List of relative R.A. astrometric positional errors on the sky in arcsec. Length must match t_obs.

y_err_obsarray_like

List of relative Dec. astrometric positional errors on the sky in arcsec. Length must match t_obs.

ast_filt_idxint, optional

Index of the astrometric filter or data set.

Returns:
ln_Lfloat

The ln(likelihood) summed over all astrometric measurements.

log_likely_astrometry_each(t_obs, x_obs, y_obs, x_err_obs, y_err_obs, ast_filt_idx=0)

Get the natural log of the likelihood for the input astrometric data in the specified filter or data sets. Note, this function eturns a list and it is the full ln(likelihood), including the normalization constant.

Parameters:
t_obsarray_like

List of times in MJD for the observations.

x_obsarray_like

List of relative R.A. astrometric positions on the sky in arcsec. Length must match t_obs.

y_obsarray_like

List of relative Dec. astrometric positions on the sky in arcsec. Length must match t_obs.

x_err_obsarray_like

List of relative R.A. astrometric positional errors on the sky in arcsec. Length must match t_obs.

y_err_obsarray_like

List of relative Dec. astrometric positional errors on the sky in arcsec. Length must match t_obs.

ast_filt_idxint, optional

Index of the astrometric filter or data set.

Returns:
ln_Larray_like

List of ln(likelihood) for each astrometric measurement.

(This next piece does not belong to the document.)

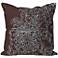 Kimiki Flower 18" Embroidered Brown and Blue Designer Pillow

log_likely_photometry(t_obs, mag_obs, mag_err_obs, filt_index=0)

Get the summed natural log of the likelihood for the input photometric data for the specified filter or data set. Note, this function returns the full ln(likelihood), including the normalization constant.

Parameters:
t_obsarray_like

List of times in MJD for the observations.

mag_obsarray_like

List of observed photometric measurements of the microlensing event in magnitudes. Length must be the same as t_obs.

mag_obs_errarray_like

List of observed photometric uncertainties of the microlensing event in magnitudes. Length must be the same as t_obs.

filt_idxint, optional

Index of the photometric filter or data set.

Returns:
ln_Lfloat

ln(likelihood) summed over the photometric measurement

log_likely_photometry_each(t_obs, mag_obs, mag_err_obs, filt_index=0)

Get the natural log of the likelihood for the input photometric data in the specified filter or data sets. Note, this function returns a list and it is the full ln(likelihood), including the normalization constant.

Parameters:
t_obsarray_like

List of times in MJD for the observations.

mag_obsarray_like

List of observed photometric measurements of the microlensing event in magnitudes. Length must be the same as t_obs.

mag_obs_errarray_like

List of observed photometric uncertainties of the microlensing event in magnitudes. Length must be the same as t_obs.

filt_idxint, optional

Index of the photometric filter or data set.

Returns:
ln_Larray_like

List of ln(likelihood) for each photometric measurement.